Repository Pattern, Revisited

· 8 min read

Motivation

I first encountered the repository pattern in a Go backend codebase, where there are files/packages named "repo" and those packages are used to supply information from data sources. I was puzzled by such usage because until then, I have always known "repository" as a term related to "Git" and "GitHub". With further research online, I then realized that the repository pattern is a popular abstraction layer between the business logic and the data sources.

A succinct description of the repository pattern by Edward Hieatt and Rob Mee (P of EAA):

Mediates between the domain and data mapping layers using a collection-like interface for accessing domain objects.

UML illustration, source: martinfowler.com

This pattern is often discussed when talking about Domain Driven Design, which is

an approach to software development that centers the development on programming a domain model that has a rich understanding of the processes and rules of a domain. - Martin Fowler DomainDrivenDesign

In this article, I hope to consolidate some of the excellent resources that discuss the repository pattern in-depth and provide my examples and reflections on this pattern.
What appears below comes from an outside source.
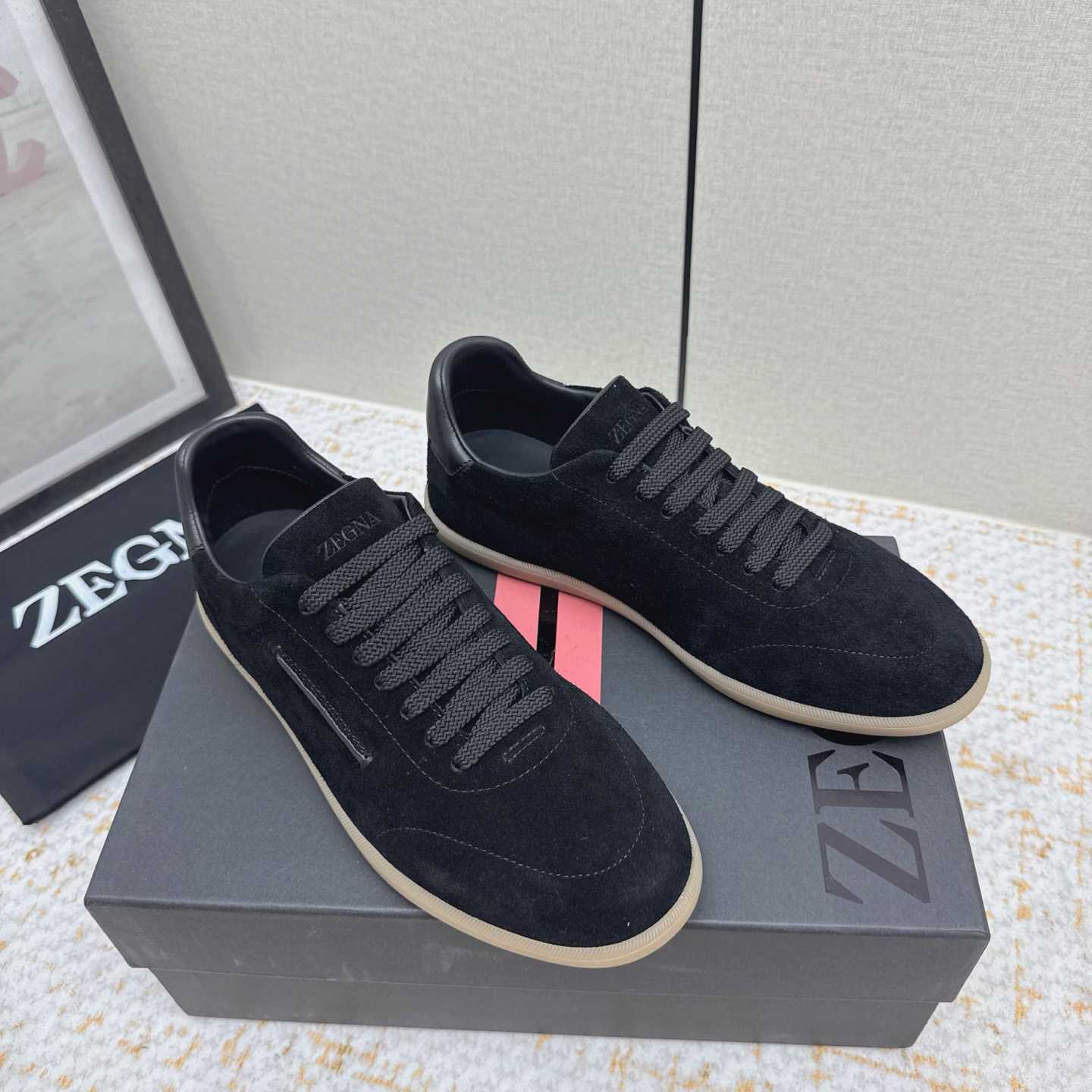Zegna 232 Suede Sneakers - DopestKickz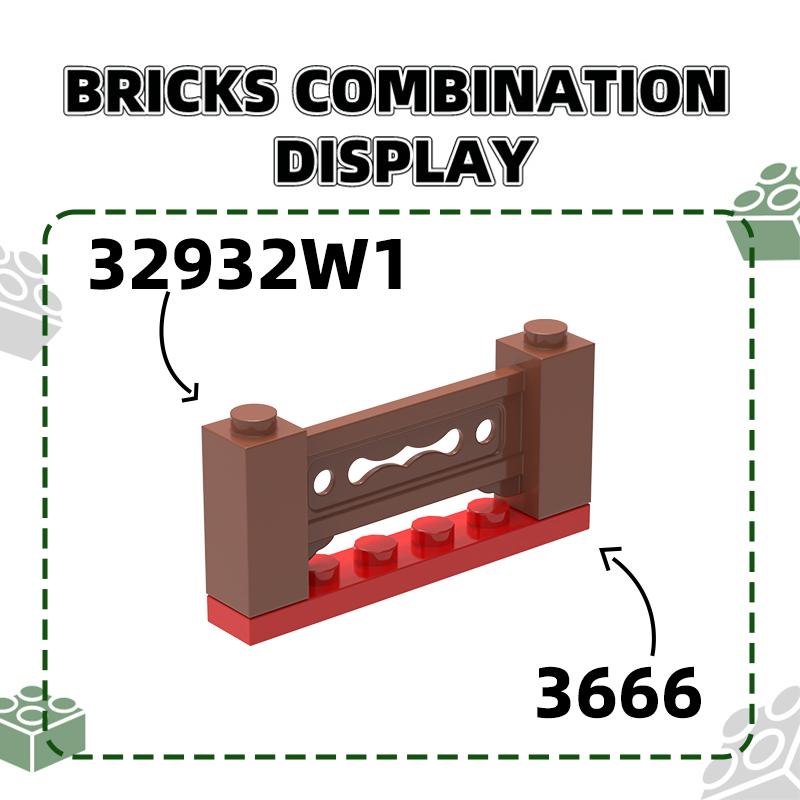 131Pcs/lot 15207W 1x4x1 Wall Panel 4-hole Construction Block Moc Colour Accessories Works With featuring Blocks Playthings Ideal For Kids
Uncovering the Repository Pattern

The idea of the repository pattern is to have a layer between a business domain and a data store. This can be done via an interface that defines data store handling logic, which the domain service logic can depend on.

Let's discuss a simplified example in Go, in the context of a URL-shortener application.

1. Create a repository interface in the service layer

The example application provides a URL-shortening service, which essentially takes in any URL and returns a shortened version that redirects visitors to the original address.

Let's assume that the URL-shortener service needs

  • a way to create a mapping of the original URL and the shortened URL
  • a way to query for the original URL for redirection
  • anything else (for simplicity we will only focus on the two above, CR of CRUD)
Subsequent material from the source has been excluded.